Ramseur told Cindy that no one in state government could help. As for every other oil-dependent state, 1988 was a bad year for Alaska. It walked a financial tightrope, and one false move could mean sending the state into recession. Tax revenues from oil companies were way down at the moment they were most needed. After the governor had asked Alaskans to bite the fiscal bullet, why would he spend his political clout on three nonvoting whales?

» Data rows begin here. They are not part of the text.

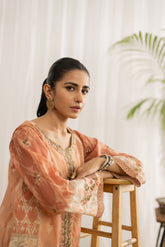 DC-0421 L-PEACH EMBROIDERED KURTA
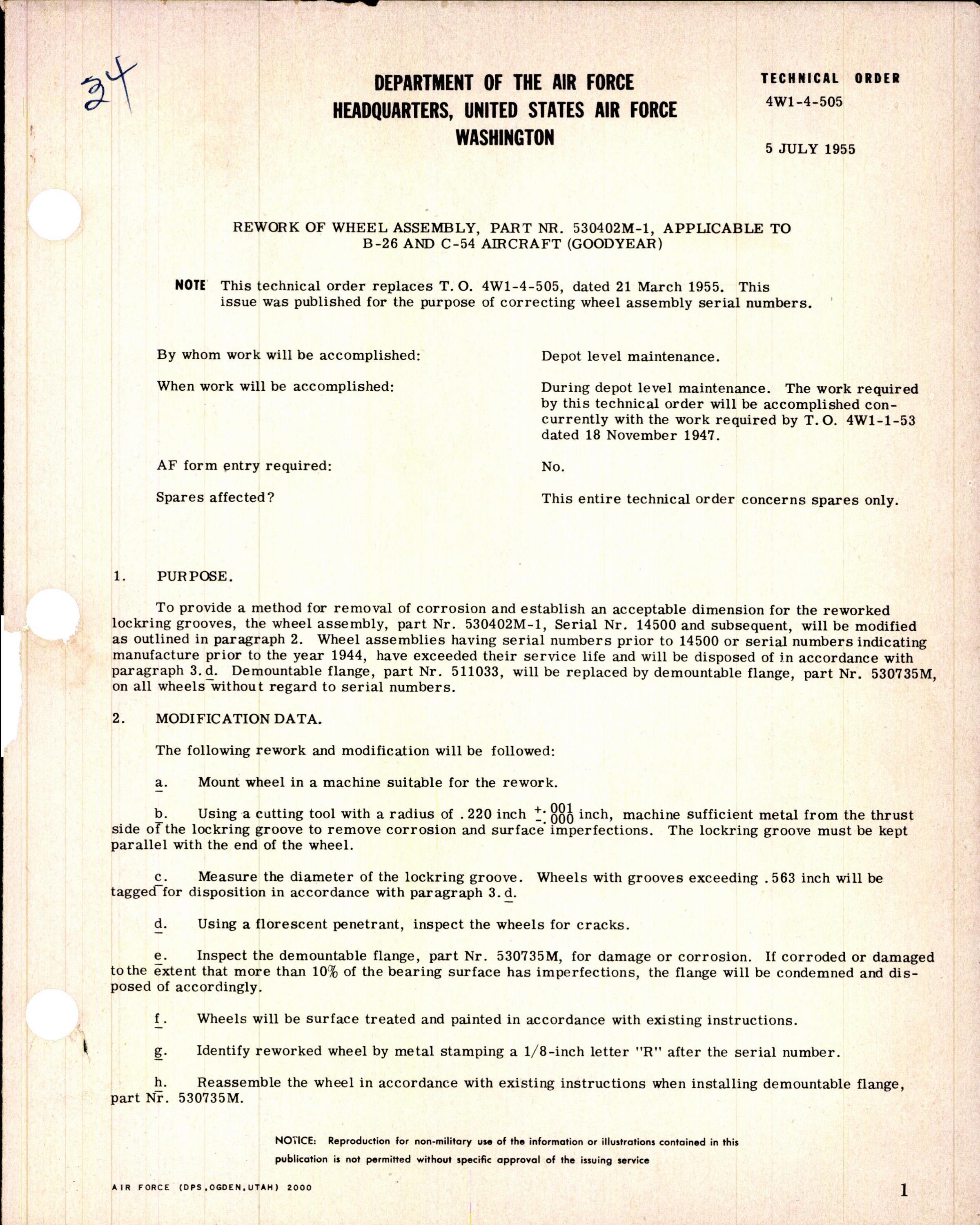Sample page 1 from AirCorps Library document: Rework of Wheel Assembly, Part No 530402M-1 for B-26 and C-54 Aircraft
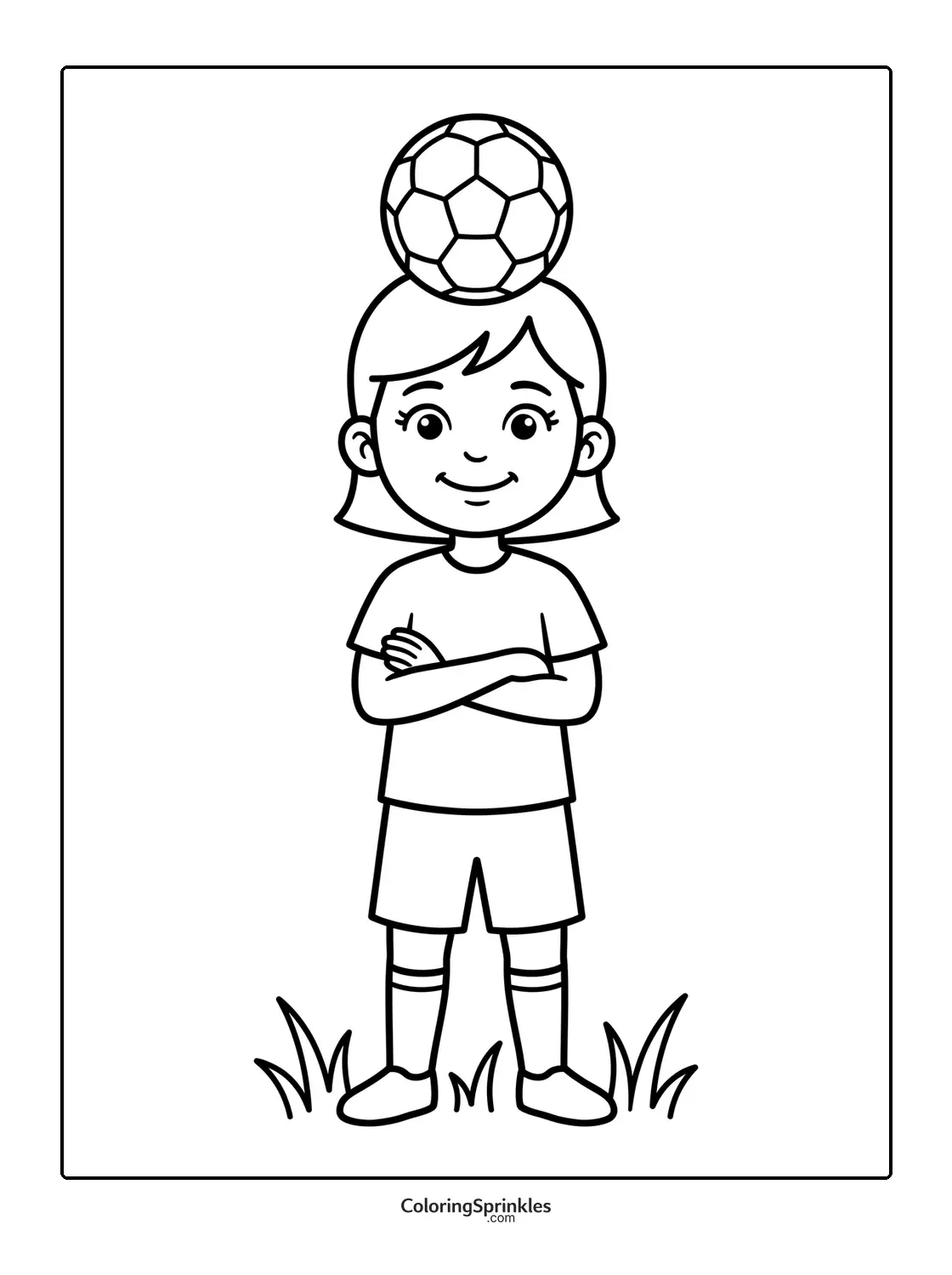 Coloring page of a girl balancing a soccer ball on her head standing on grass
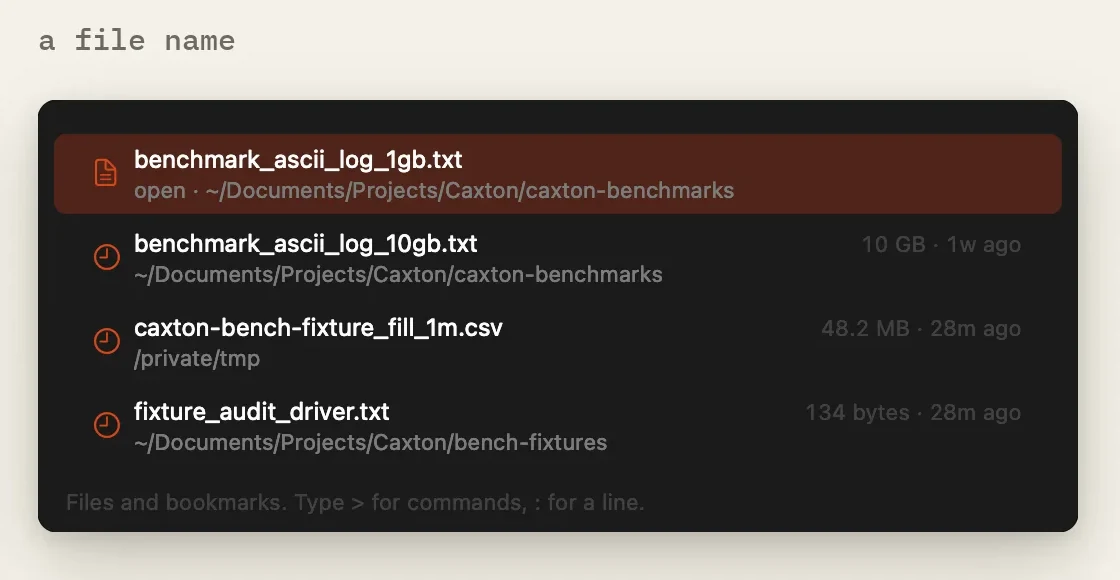 The search field listing files by name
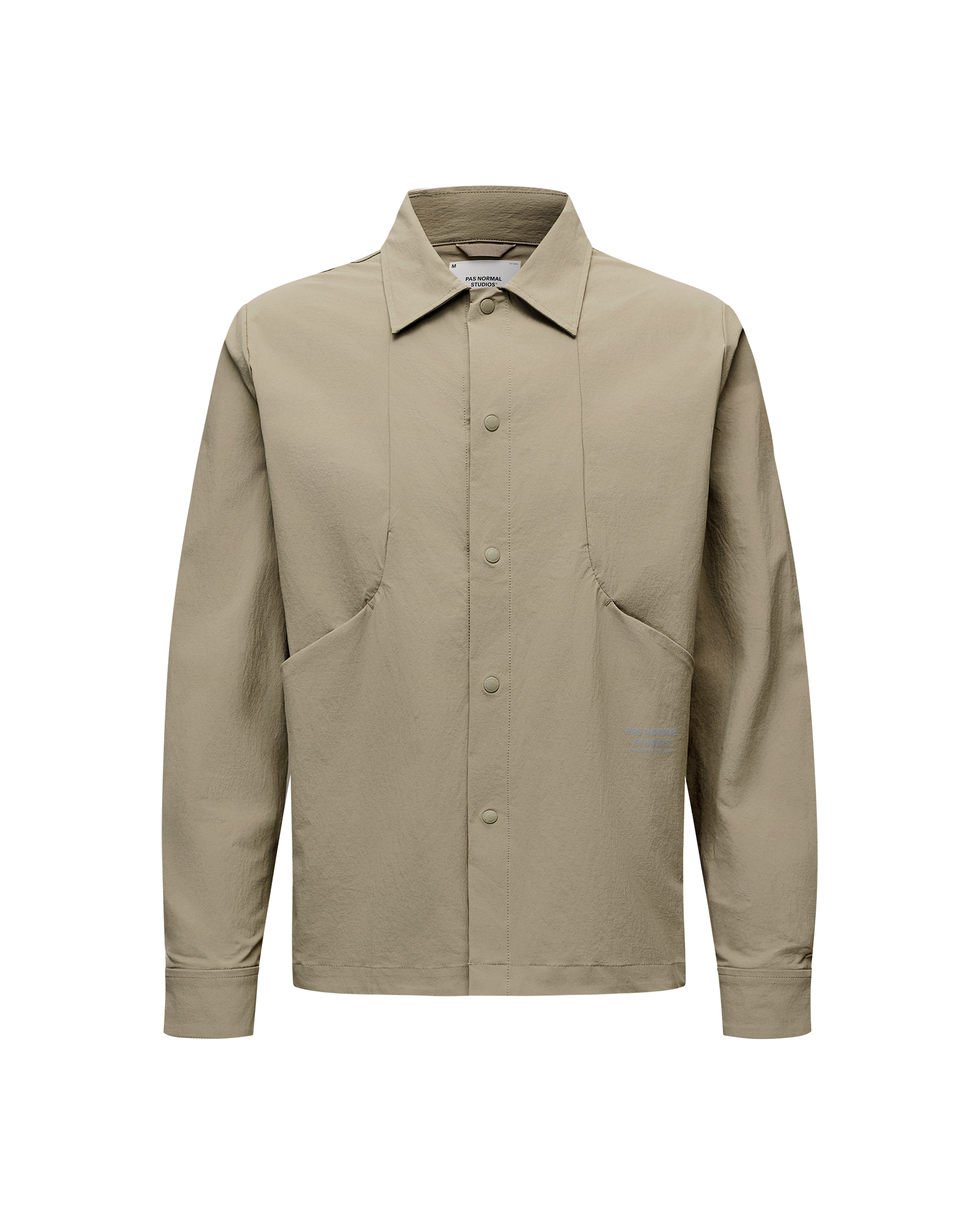 Dusty Earth khaki Off-Race Tech Overshirt, front flat lay with snap button placket and patch pockets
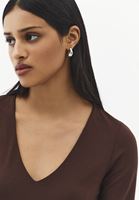 Bayan Kahverengi Modal V Yaka Tişört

Only a few months earlier, Governor Cowper was roundly criticized for moving too slowly to rescue seven North Slope Eskimo walrus hunters trapped on a huge piece of ice that broke away from the shore and drifted out to sea. Ramseur correctly thought if the governor suddenly led a rescue effort on behalf of three animals after doing so little to save the lives of seven native Alaskans from Kotzebue, it would open him up to massive attack. (The walrus hunters were ultimately saved three weeks after they were stranded.)
Cindy lost her cool when Ramseur asked why she was so concerned about whales endangered not by man but by nature. Suffering is suffering, Cindy sniffed. She then reminded Ramseur that the whole country had collectively watched the 1987 rescue of a toddler named Jessica McClure from a well in Midland, Texas. Ramseur responded by suddenly remembering that the governor was out of town and couldn't be reached until Monday.
He laughed when Cindy asked him to request the assistance of Soviet icebreakers, invoking an obscure American Soviet maritime treaty. “The Coast Guard wouldn't even let us ask the Soviets for help when the Kotzebue hunters were trapped,” Ramseur snapped. “You actually think they're going to allow it for three whales?”
Cindy hung up more in anger than in sadness. She called Geoff and Craig for consolation. Ramseur wasn't lying when he said the governor was out of town. He was, in fact, in Barrowâright across the hall from Geoff and Craig, in the Naval Arctic Research Lab's hearing room. For Governor Steve Cowper, his initial refusal to help marked the last time he would be asked to take any part in the drama about to unfold. From that moment until the rescue was over, Governor Cowper was neither heard from nor consulted again.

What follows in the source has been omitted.